As duas fábulas, abaixo descritas, demonstram que para sobreviver é preciso estar alerta às armadilhas da dissimulação e às artimanhas da astúcia. Um oponente conhecido é menos danoso que um amigo hipócrita. As pessoas falsas são piores que os inimigos ferozes.
A aranha, o gafanhoto e o camaleão
A aranha, o gafanhoto e o camaleão habitavam o aprazível bosque da cidade. Conviviam a uma distância razoável, pois, reciprocamente, temiam as artimanhas que sempre eram recorrentes.
A aranha foi a primeira a urdir:
― Meu caro gafanhoto, sejamos previdentes e cuidadosos! O camaleão é o rei dos disfarces, muda de cor e a gente nem percebe.
― É mesmo! − completa o gafanhoto. ― Ele fica nos troncos das árvores com cara de “boi-sonso” e é só passar por perto que ele estica aquela língua imensa e... “crau!”.

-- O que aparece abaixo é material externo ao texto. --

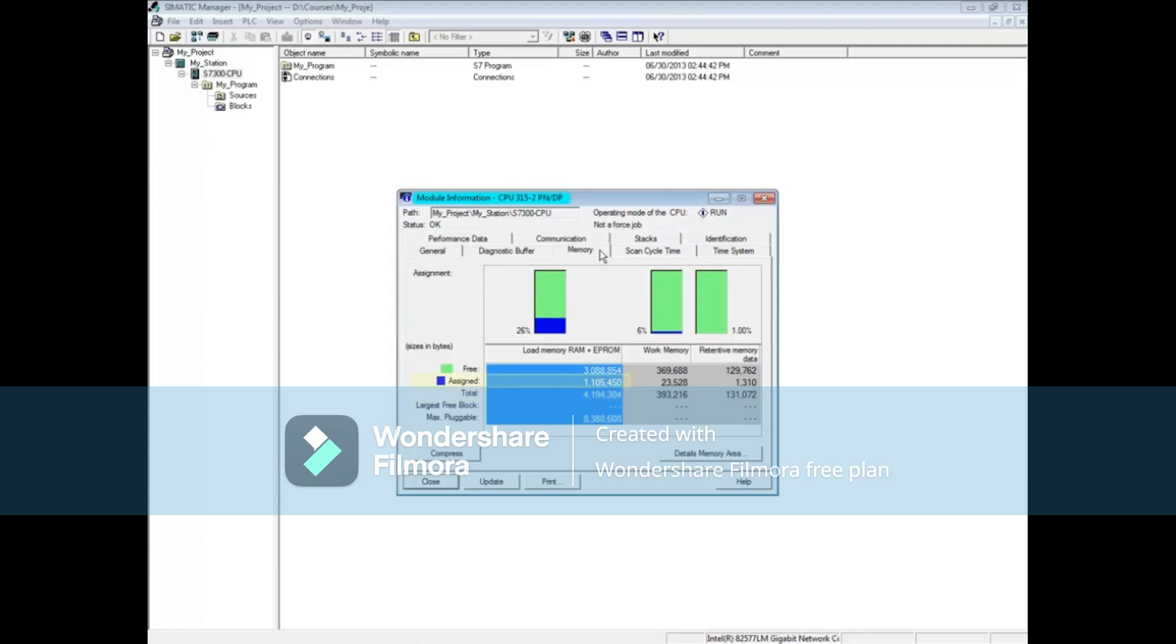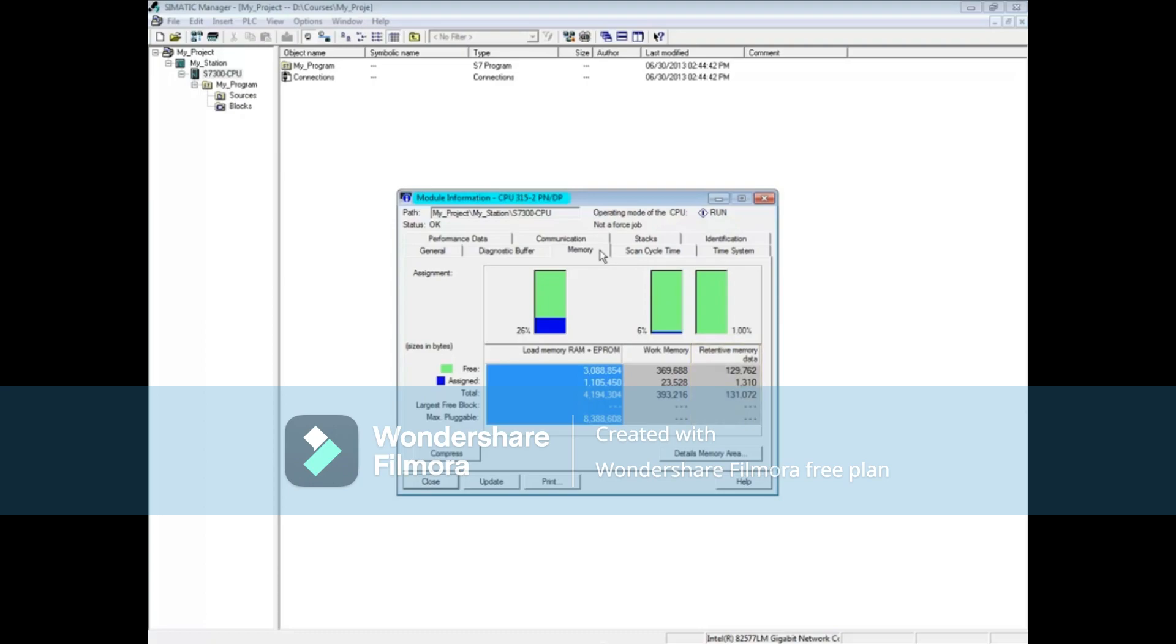The amount of memory in use is 1 meg, and the free memory is 3 megs. The work or high-speed memory is 393K. The retentive memory, which retains data through a stop-to-run cycle of the CPU, is 131K. These fields are shown graphically in the Assignments section of the window.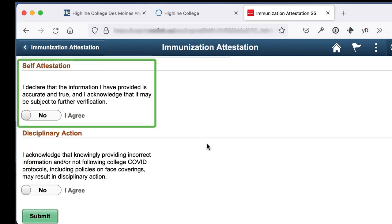In the self-attestation section, click I agree to state that you have read and agree with the statement above. This means the information you provided is true.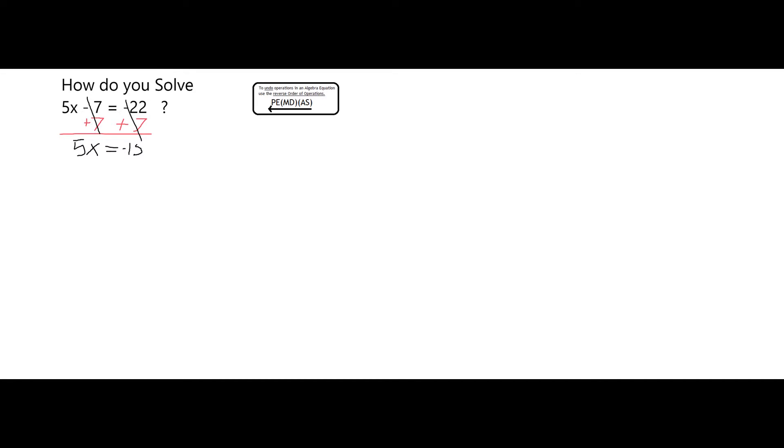Now I need to get rid of the 5 next to the x, which is an implicit multiplication. So to undo that, I'm going to divide both sides by 5. Remember in algebra, everything you do to one side of the equation, you have to do to the other.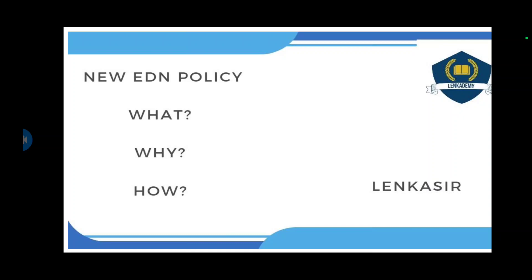Key highlights: in the old education policy there was a separation of arts and science, but in the new education policy it promotes different types of language learning, multiple entry and exit options, and students can learn multiple languages.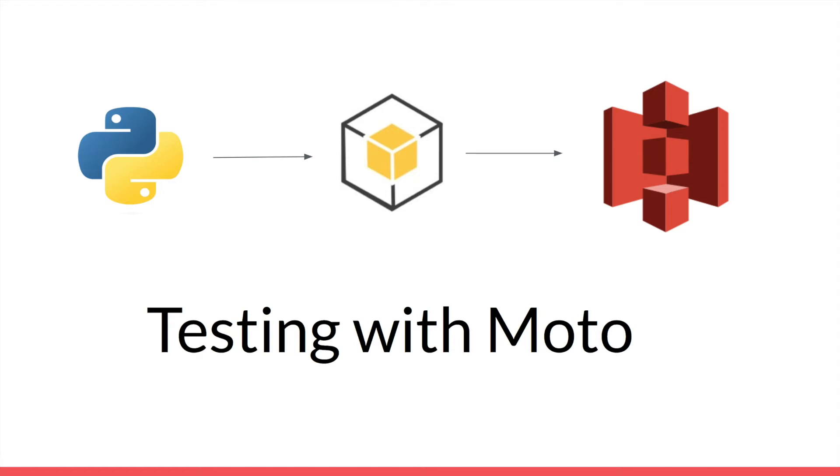Hello, hello, hello, my fellow engineers. This week's video, I wanted to just do a quick introduction to Moto and how you can use it to test AWS services.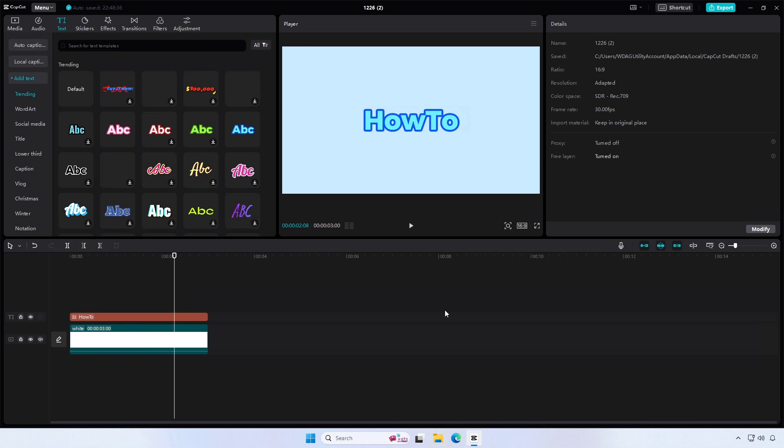In this video, I will show you how to extend the solid layer duration in CapCut.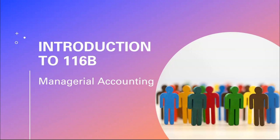Welcome to 116B Managerial Accounting. This is the eight-week course.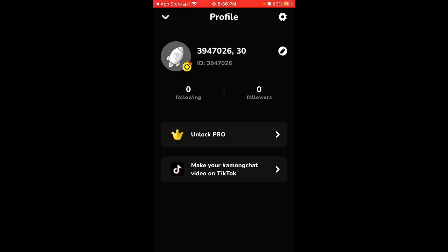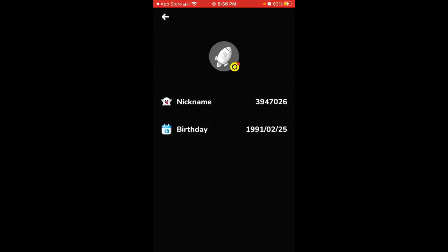And there you have it — that's your profile on MonChat. You can edit your nickname from here.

― Sim, companheiro, sempre alerta! − continua a aranha. ― Eu passo o dia fiando, mas é um olho na teia, o outro no camaleão. Você sabe, o seguro morreu de velho. Precaução e caldo de galinha não fazem mal a ninguém, dizia a minha avó.
― Belos conselhos, Dona Aranha. Esse camaleão é o mestre da desfaçatez, é o rei da dissimulação.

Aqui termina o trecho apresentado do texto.